• **Information shown**:
=== Begin Enclosure ===

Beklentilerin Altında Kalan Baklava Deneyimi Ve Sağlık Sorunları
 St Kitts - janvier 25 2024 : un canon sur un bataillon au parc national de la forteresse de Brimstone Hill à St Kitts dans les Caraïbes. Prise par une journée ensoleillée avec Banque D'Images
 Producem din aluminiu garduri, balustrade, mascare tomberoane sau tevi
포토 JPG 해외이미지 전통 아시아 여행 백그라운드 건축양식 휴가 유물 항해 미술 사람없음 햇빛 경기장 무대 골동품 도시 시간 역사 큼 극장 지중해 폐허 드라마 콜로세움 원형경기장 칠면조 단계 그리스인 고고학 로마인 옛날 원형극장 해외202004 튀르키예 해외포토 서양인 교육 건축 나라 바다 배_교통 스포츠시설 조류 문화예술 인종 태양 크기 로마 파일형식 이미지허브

=== End Enclosure ===

• **Exercise directions**:
Retype the data. Keep every word as it stands.

• **Solved problem**:
Beklentilerin Altında Kalan Baklava Deneyimi Ve Sağlık Sorunları
 St Kitts - janvier 25 2024 : un canon sur un bataillon au parc national de la forteresse de Brimstone Hill à St Kitts dans les Caraïbes. Prise par une journée ensoleillée avec Banque D'Images
 Producem din aluminiu garduri, balustrade, mascare tomberoane sau tevi
포토 JPG 해외이미지 전통 아시아 여행 백그라운드 건축양식 휴가 유물 항해 미술 사람없음 햇빛 경기장 무대 골동품 도시 시간 역사 큼 극장 지중해 폐허 드라마 콜로세움 원형경기장 칠면조 단계 그리스인 고고학 로마인 옛날 원형극장 해외202004 튀르키예 해외포토 서양인 교육 건축 나라 바다 배_교통 스포츠시설 조류 문화예술 인종 태양 크기 로마 파일형식 이미지허브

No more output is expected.